— What to produce —
Reproduce exactly the line with "Spy×family Anya เคสโทรศัพท์มือถือแบบนิ่ม" and every line that follows it below, up to and including the last one. Do not include pictures or anything else.

|---|

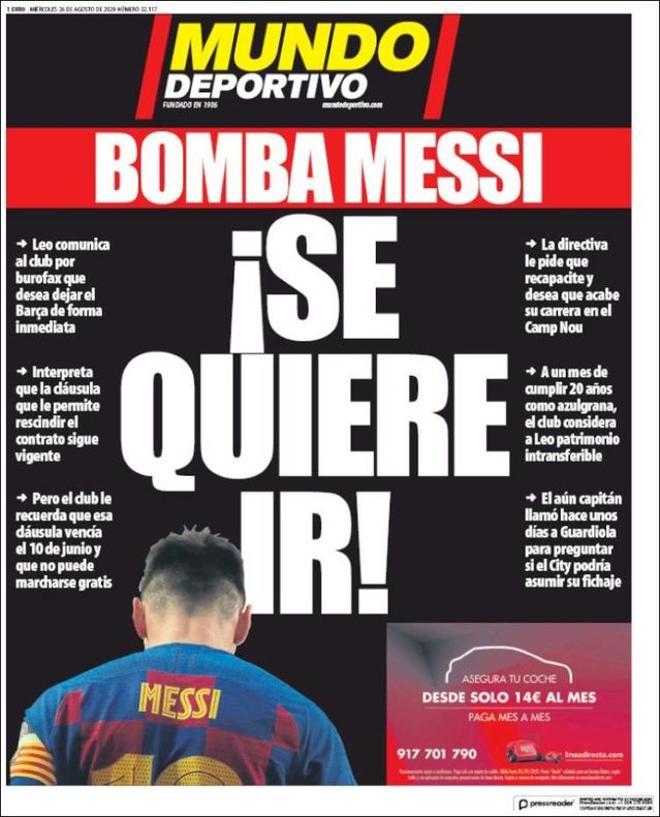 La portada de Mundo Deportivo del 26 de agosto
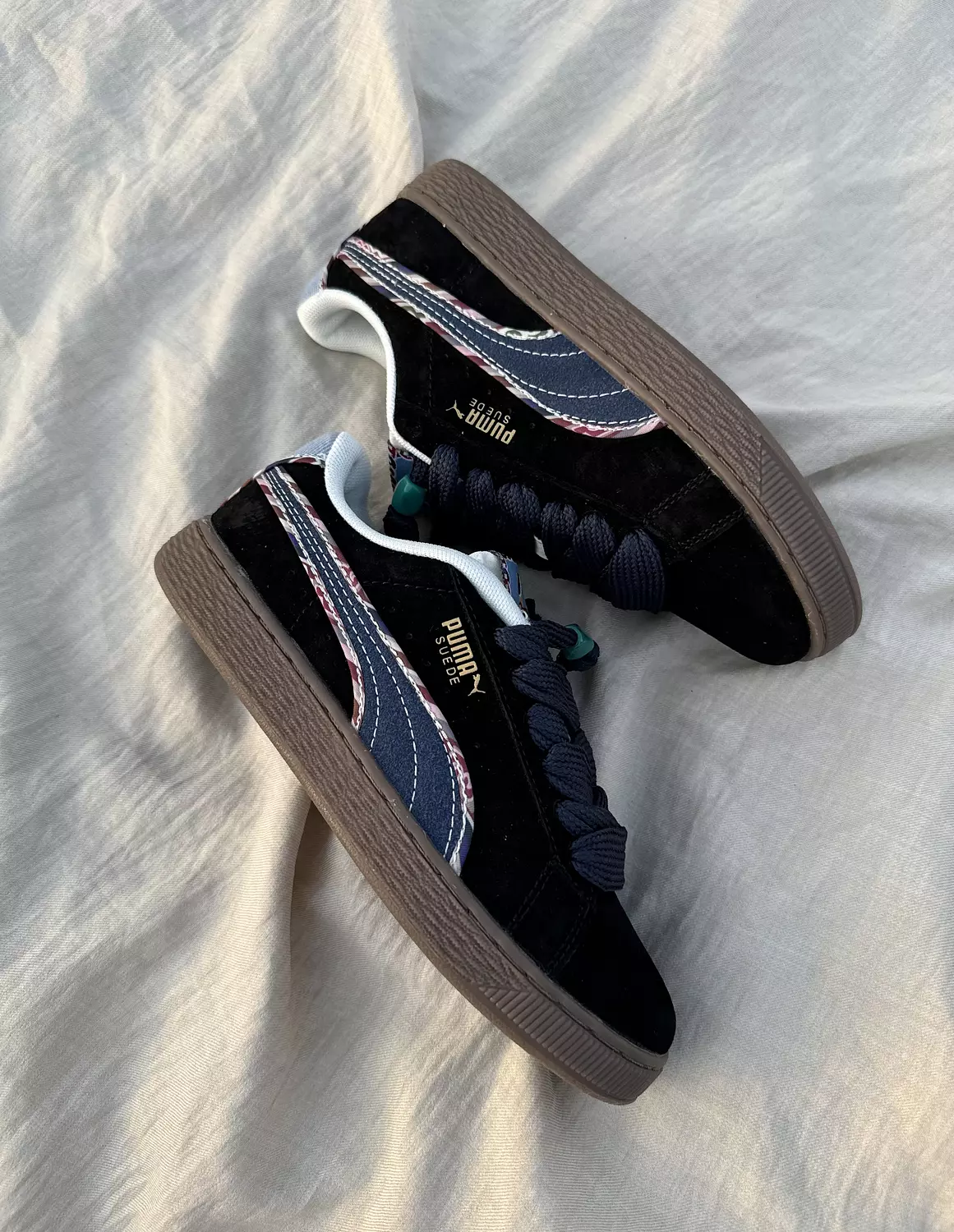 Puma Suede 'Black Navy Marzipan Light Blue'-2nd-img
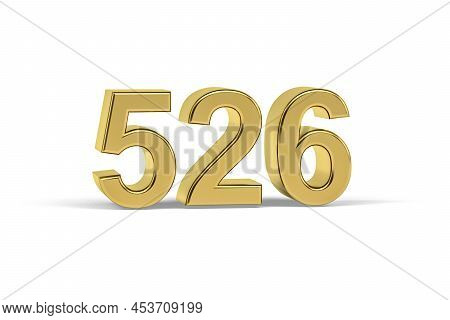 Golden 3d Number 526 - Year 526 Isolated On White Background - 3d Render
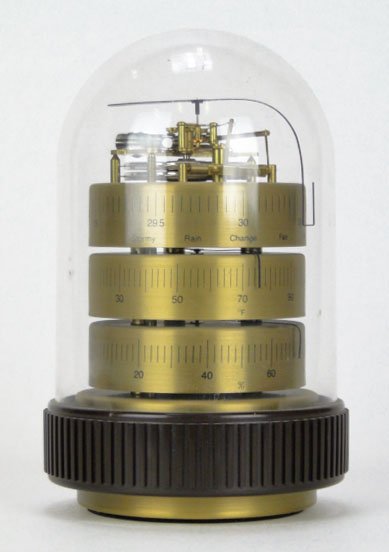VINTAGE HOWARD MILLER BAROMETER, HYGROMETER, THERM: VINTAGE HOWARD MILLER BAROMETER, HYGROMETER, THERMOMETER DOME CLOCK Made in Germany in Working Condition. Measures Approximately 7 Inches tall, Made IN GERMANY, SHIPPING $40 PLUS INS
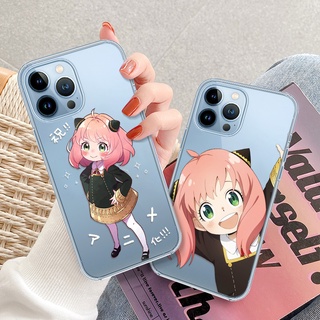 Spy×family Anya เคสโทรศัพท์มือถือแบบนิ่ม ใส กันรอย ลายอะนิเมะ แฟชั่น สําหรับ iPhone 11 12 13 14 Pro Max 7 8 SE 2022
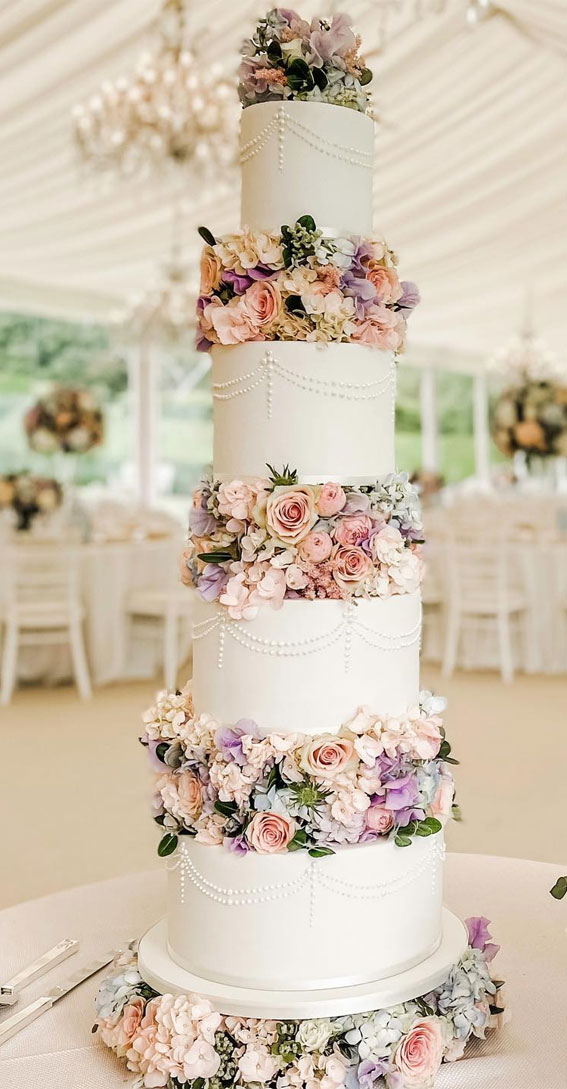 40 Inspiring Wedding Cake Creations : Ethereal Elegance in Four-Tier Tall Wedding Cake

|---|

— Your solution —
 Spy×family Anya เคสโทรศัพท์มือถือแบบนิ่ม ใส กันรอย ลายอะนิเมะ แฟชั่น สําหรับ iPhone 11 12 13 14 Pro Max 7 8 SE 2022
 40 Inspiring Wedding Cake Creations : Ethereal Elegance in Four-Tier Tall Wedding Cake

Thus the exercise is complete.